In toto, my own truncated but enjoyable cricket `career’ lasted from 1954-61 before being snuffed out by the reality of a working  life. During that time my bowling efforts, with Vaucluse Public, Sydney Boys High and briefly the Green Shield  teams of with Waverley and North Sydney, were doggedly  (if not overly successfully!) of the leg-spin variety. Then, with a working life underway, came an unlikely opportunity to learn the craft of journalism , seguing into sports writing with the Telegraph. My weekends were gone – and largely, so were my cricketing days.

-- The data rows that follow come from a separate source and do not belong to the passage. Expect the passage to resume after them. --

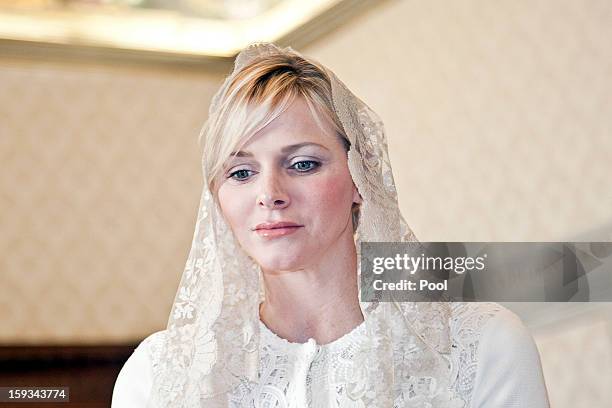 Princess Charlene of Monaco meets Pope Benedict XVI during a private audience at Vatican on January 12, 2013 in Vatican City, Vatican.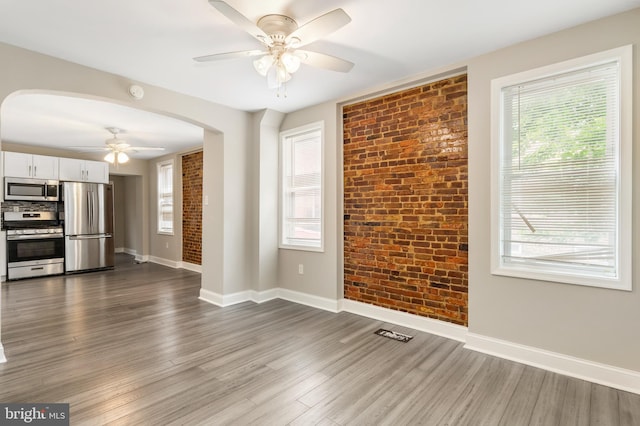 2808 Orleans St, Baltimore, MD 21224 - unfurnished living room featuring a ceiling fan, arched walkways, dark wood-style flooring, baseboards, and healthy amount of natural light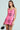 A woman in an ELLE TWEED MINI DRESS stands against a plain background, channeling her 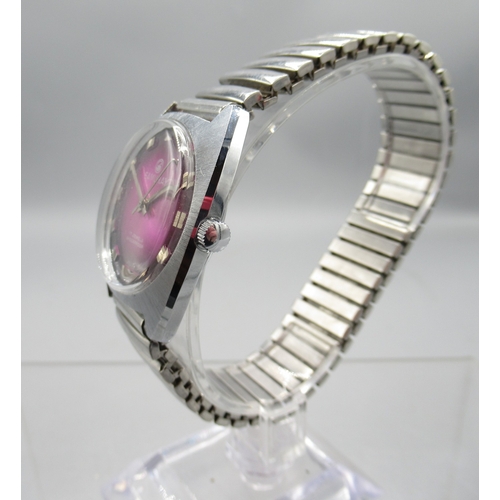 459 - Rotary gold plated wristwatch on integrated bark effect bracelet, signed Tiger's Eye dial with baton... 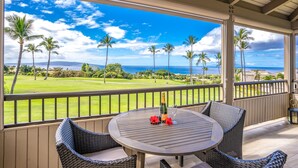 A covered outdoor area with a round table, wicker chairs, and a view of a golf course and ocean.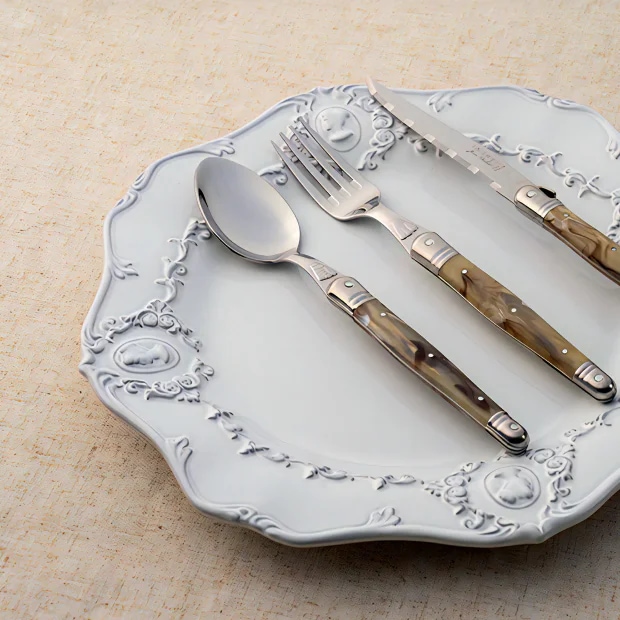 브라운 마블 패턴 핸들의 Laguiole Marble Cutlery Set가 화이트 플레이트 위에 놓인 이미지 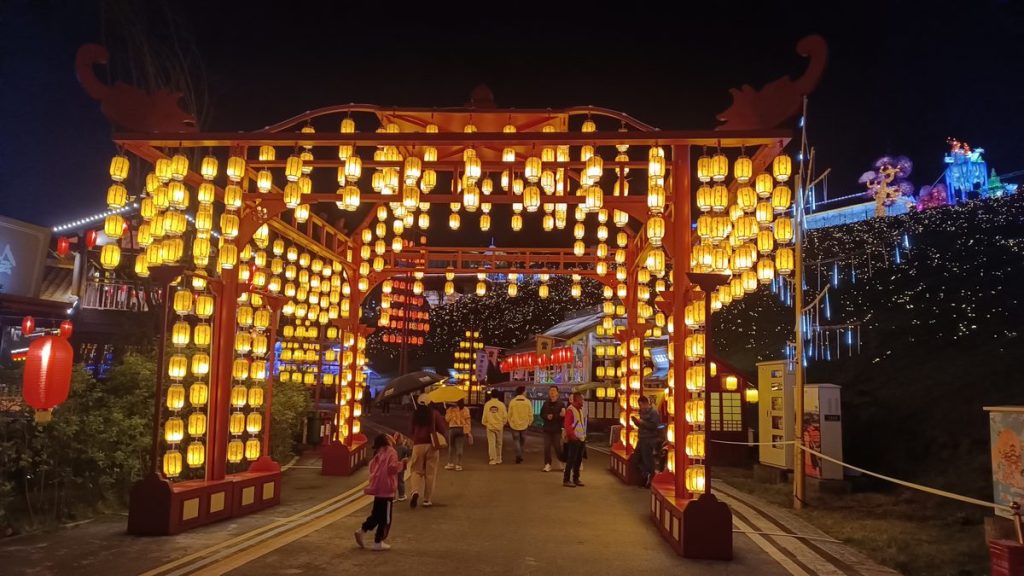 Red lantern pavilion corridor with hundreds of hanging red and amber lanterns in a Chinese wooden pavilion at a night festival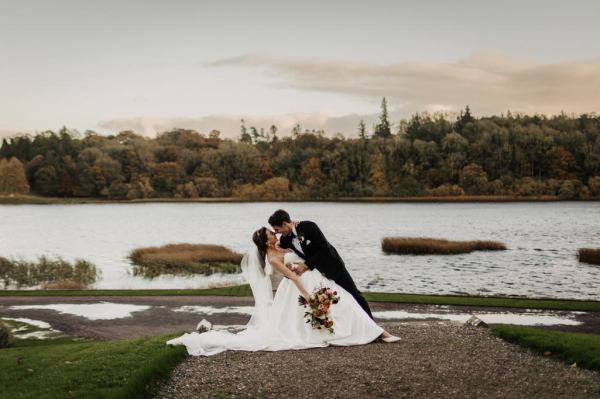 Groom leans in to kiss bride lake and trees in background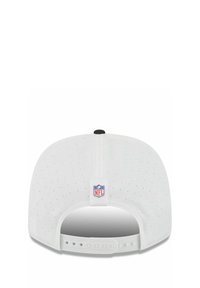 White baseball cap featuring a perforated design and an adjustable snapback closure. Includes NFL logo tag on the back.
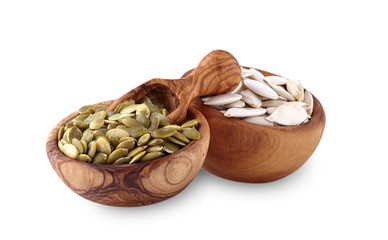 pumpkin seeds in  wooden plates on a white background
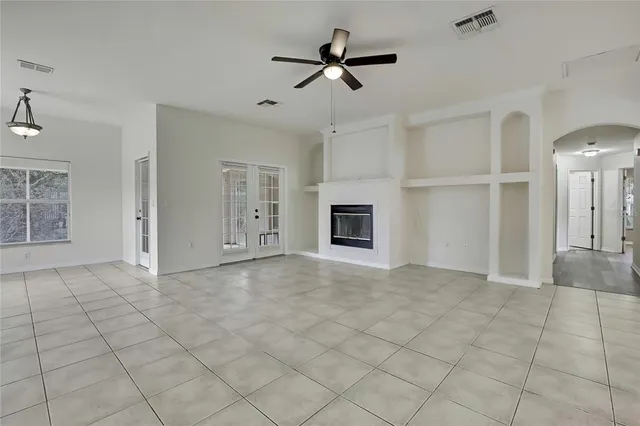 a view of an empty room with a fireplace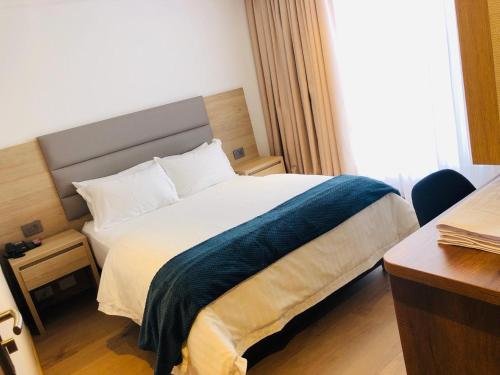 a bedroom with a bed with a blue blanket on it at Turrim Dei Hotel Boutique in Barbosa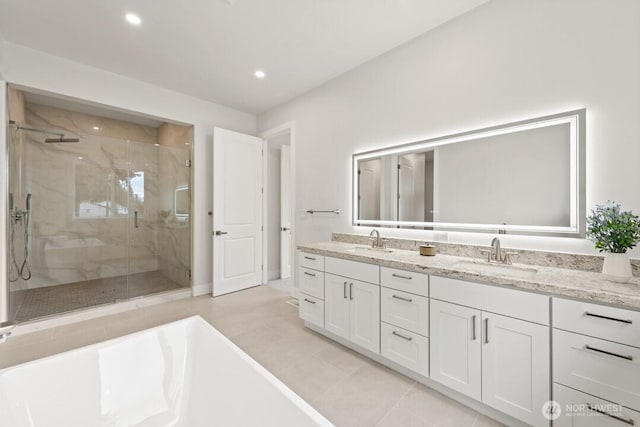 bathroom featuring a sink, a freestanding tub, a stall shower, and double vanity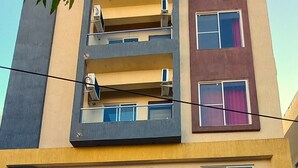 Un edificio residencial de varios pisos con balcones, ventanas grandes y una línea eléctrica visible.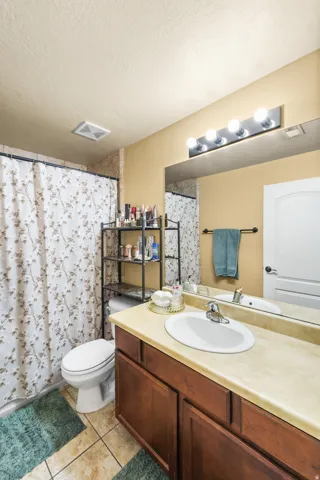 Wood-finish vanity with a light-toned countertop, oval sink, and chrome faucet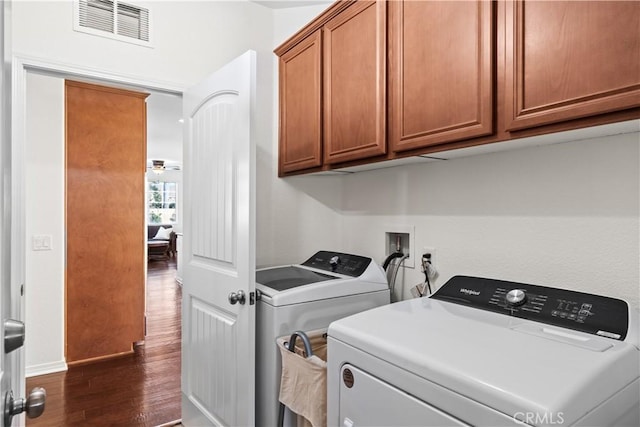 laundry room with dark wood-style flooring, visible vents, cabinet space, and washing machine and clothes dryer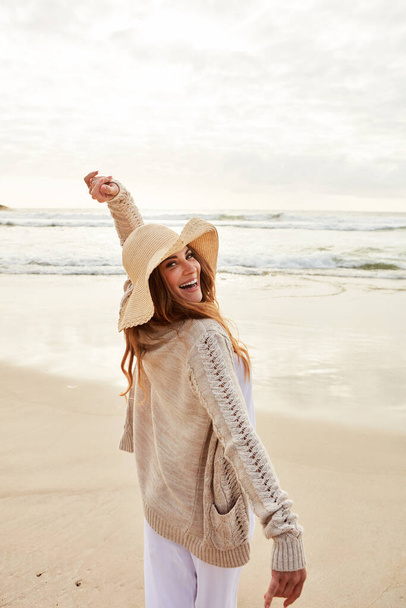 Mindig jól érzem magam a parton. Portré egy fiatal nőről, aki kinyújtott karokkal áll a parton. - Fotó, kép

By then Richie Benaud  himself  was a journo – and deadly serious about it - a police roundsman with the Sydney Sun, learning the second of what would be his three `trades’ in life (cricket, journalism, sports commentary). Our paths crossed occasionally in the following years -  although, being rostered to sports distant from cricket (rugby league and swimming mainly) there was not much more than occasional passing contact. That changed  in later years, thanks again to Phil Tresidder who lived just up the road from Richie and his wife Daphne at Coogee –  three or four beaches along from Bronte-Waverley where my wife Joy and I had a place.  There began occasional enjoyable catch-ups over dinner with Phil and Richie and Daphne at which the conversation would roam over many subjects – albeit with cricket always hovering somewhere nearby. I recall one especially memorable night  -  when we met for pre-dinner drinks  at Chez Benaud with its commanding view of  Wedding Cake Island and the Ocean beyond. Eventually, Tres, Joy and I headed out  for dinner with a special Benaud guest, the great West Indies (and Randwick!) speedster Wes Hall, who was catching up with old friends in Sydney.  There followed a memorable dinner at a local favoured Italian restaurant.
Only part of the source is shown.